Cinco jovens desesperados por ameaça de ficarem na rua em Lisboa

Cinco jovens desesperados por ameaça de ficarem na rua em Lisboa

Cinco jovens, com idades entre os 20 e os 30 anos, estão na iminência de ficar sem tecto já nesta terça-feira, devido ao fecho do hostel onde estavam hospedados. Perderam os empregos devido à pandemia de Covid-19, não têm como pagar alojamento, mas, apesar de vários apelos, receberam uma espécie de ultimato e garantem não ter alternativa

"É verdadeiramente desesperante. Perdemos os nossos trabalhos, fomos pagando a estadia até podermos, mas, agora, o hostel diz que temos mesmo de sair e não temos dinheiro para arranjar outro espaço onde possamos ficar", desabafa, emocionada, Greiciele Borges, brasileira, de 25 anos, uma das jovens que se encontra no interior do Safestay Lisbon Hostel, localizado na Travessa do Fala Só, em pleno centro de Lisboa..

Além de Greiciele, estão nesta situação mais três jovens do sexo masculino, também brasileiros, e uma francesa de 20 anos.

Filomena Leite de Castro, vizinha, que se tem desdobrado em contactos para ajudar os jovens que permaneciam no hostel, conta que tudo começou a 20 de março quando, em face da pandemia de Covid-19, a direção da unidade avisou que iria encerrar as instalações. "Havia na altura mais hóspedes, que, logo desde esse dia, começaram a sofrer pressões para saírem, sem que fosse dada qualquer alternativa", conta.

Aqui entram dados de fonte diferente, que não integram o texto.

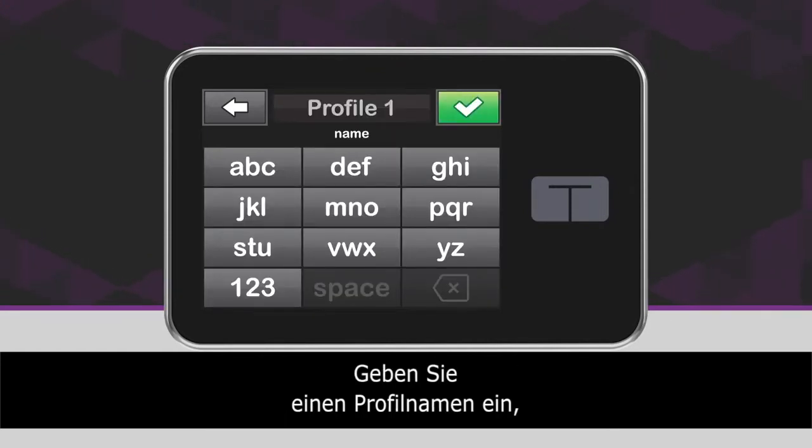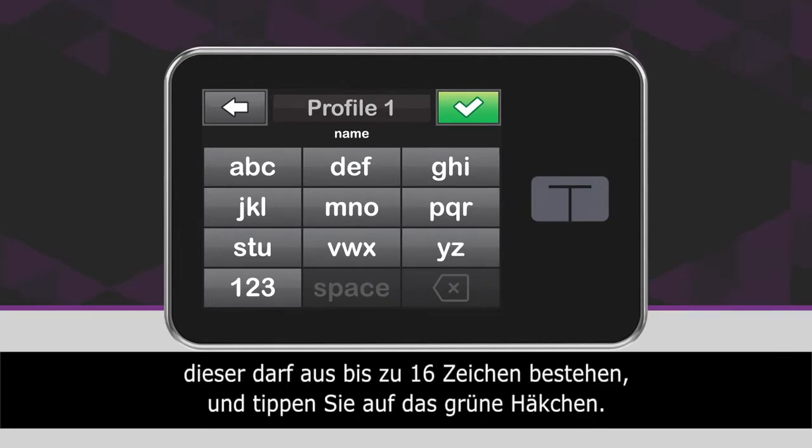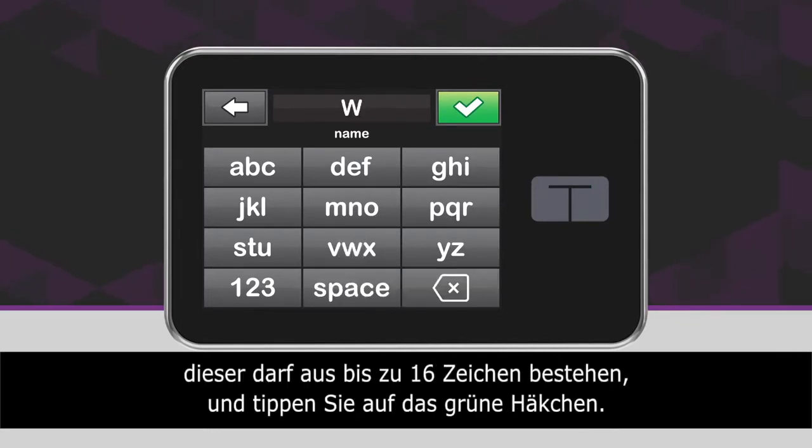Using the on-screen keypad, enter a profile name up to 16 characters, and tap the green checkmark icon.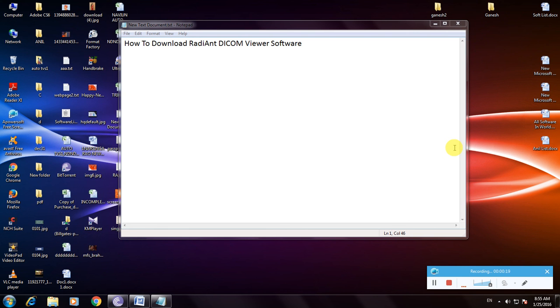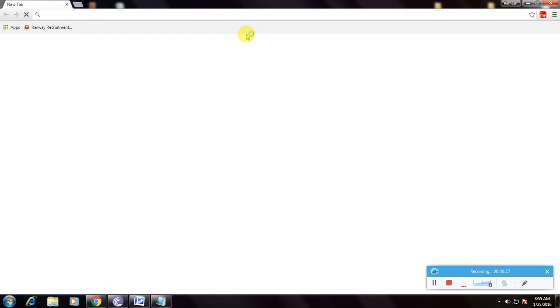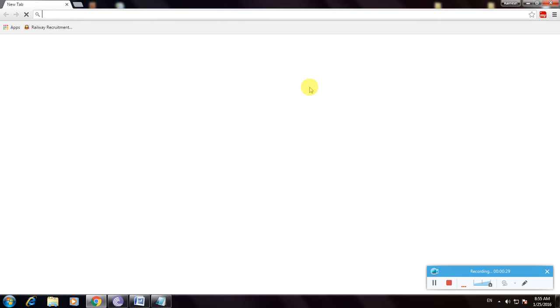First, we need internet and a web browser. I'm using Google Chrome. So this is Google Chrome. Now go to the Google home page.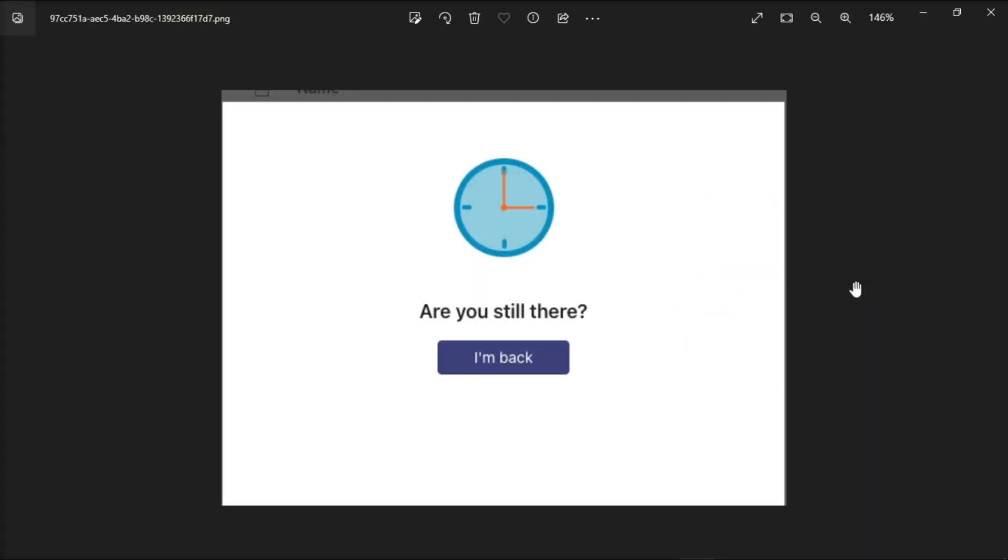When you try to open multiple Teams tabs, the application constantly asks you if you're still there.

Alguns conseguiram encontrar um alojamento para ficar, mas este grupo de cinco que permanece nas instalações não tem meios para encontrar alternativa, por terem ficado todos desempregados. "Mandam-nos sair para cumprir a lei, mas se formos para a rua sem termos casa, também não estaremos a cumprir a lei, que é decretada pelo estado de emergência", observa Greiciele Borges.

A jovem sublinha que procurou o apoio do consulado do Brasil, mas diz, tal como os seus compatriotas, se sente "abandonada" pelas autoridades do seu país. "A única coisa que nos disseram foi que ficássemos atentos ao mail e pediram que lhes fornecêssemos contactos de familiares nossos no Brasil para nos poderem mandar dinheiro", observa, visivelmente revoltada.

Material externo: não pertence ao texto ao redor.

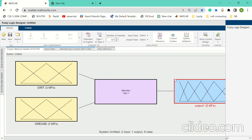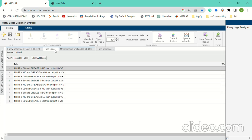After designing such a model, certain rules are generated. For example, if DIRT is smaller and GRACE is no waste, then the output is very small. In this model, all possible rules are generated.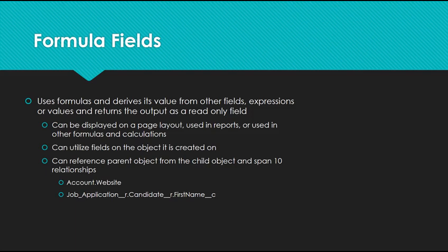Or let's say we had something a couple parent objects away. We had a custom object called job application that had a parent object called candidate, and from the candidate record, we'd grab the first name.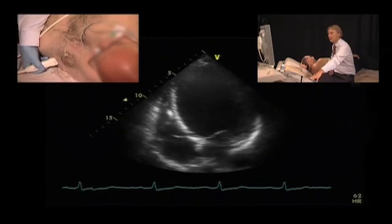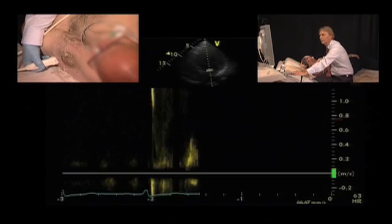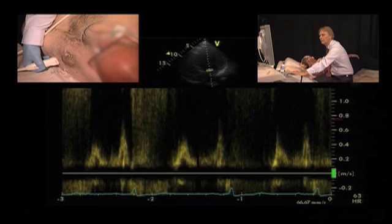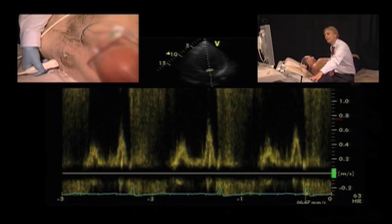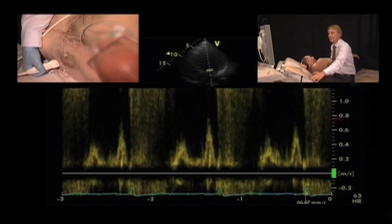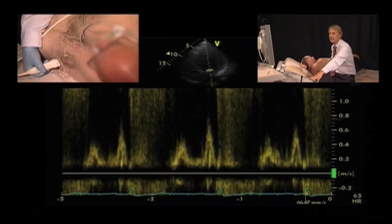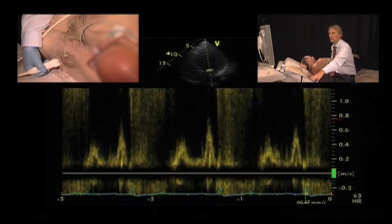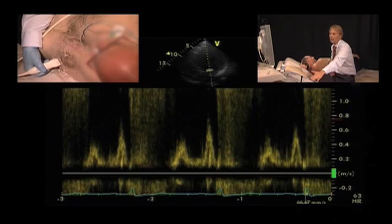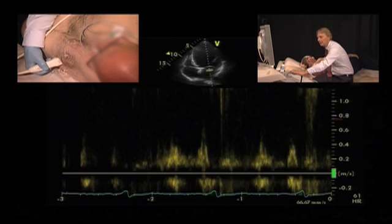Now let's turn to diastolic function. The diastolic function in this patient can be assessed with the help of pulsed-wave Doppler. What we see is that the A wave is taller than the E wave, so we have impaired relaxation. This is an important finding, especially in this setting, because it shows that the left atrial filling pressures are probably not very high. We also performed E to E prime calculations using tissue Doppler, and there we found an E to E prime ratio of something in the range of 9 to 11, which is indicative of fairly normal or at least mildly elevated left atrial filling pressures.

Até esta terça-feira, os jovens têm permanecido no interior das instalações. Inicialmente foram alimentados por donativos de vizinhos e, posterirmente, pela Junta de Freguesia de Santo António, que assegura os almoços e jantares. Aquela autarquia tentou perceber junto da direção do hostel qual a intenção relativamente a estes jovens, até porque, como destaca o presidente Vasco Morgado, "nesta altura temos de apoiar toda a gente e não olhar apenas para o nosso umbigo".

O autarca garantiu ao JN que, no último contacto que manteve com o responsável pelo hostel, na semana passada, este lhe disse que não iria expulsar os hóspedes sem alternativa de habitação. "Disse-me apenas que iria colocá-los em dois quartos para fechar os outros andares e desinfetar as instalações mas que não os iria pôr na rua", assegura Vasco Morgado, que está a acompanhar o ultimato dado esta terça-feira com "grande preocupação".

O JN tentou falar com o responsável do Safestay Hostel, por telefone e mensagem, mas, até ao momento não obteve resposta.